Kiedy napisze się książkę samemu, a także zadba samodzielnie o jej sformatowanie i okładkę, to poza własnym spędzonym nad nią czasem, jest ona dla nas bezkosztowa. Co do zysku, to od sprzedaży dostaje się 70%, jeżeli nasza książka wyceniona jest na 3 dolary i więcej, natomiast przy tańszych pozycjach dostajemy jedynie 35%. Od tego pobierany jest też podatek. Rejestrując się na Kindle Direct Publishing, trzeba wypełnić deklarację podatkową USA. Po tym 10% pieniędzy z każdej sprzedaży zostanie pobranych jako podatek przez rząd amerykański. W Polsce trzeba będzie zapłacić resztę podatku, zgodnie z przepisami o uniknięciu podwójnego opodatkowania.
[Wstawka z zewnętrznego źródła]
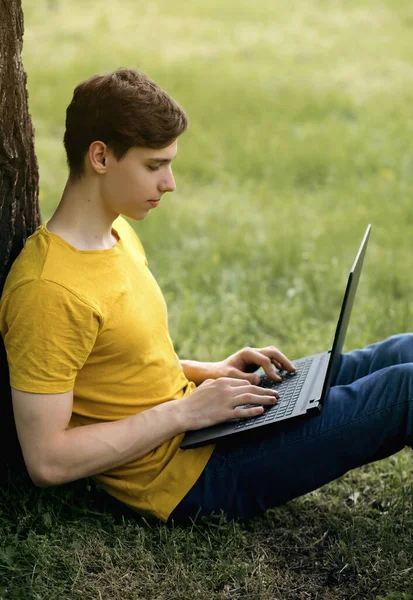 A young guy sits on the lawn and holds a laptop in his hands. Relax after school or teach remotely in the great outdoors. Remote work using modern technologies. Vertical photo of a freelance worker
Nie zostanie pobrany więc od państwa polskiego podatek pełen. Na koniec roku Amazon wystawi nam także PIT.
Aby książki się sprzedawały, trzeba zadbać o ich marketing, który również może nas nic nie kosztować, jeżeli zrobimy go sami. Przyda się tutaj wiedza dotycząca social media i promocji w nich rozmaitych produktów. Warto więc poczytać co nieco o marketingu internetowym i o social media marketingu.
Wydawanie ebooków na Amazonie może być niezwykle ciekawym pomysłem na własny biznes, a ponieważ koszty są niskie w porównaniu z potencjalnym zyskiem, a czasem nawet potrafią być zerowe, warto zainteresować się tą formą uzyskiwania dochodu pasywnego, gdyż coraz więcej ludzi żyje tylko z tego i zakłada własną działalność, a nie ma przecież nic lepszego niż praca na swoim.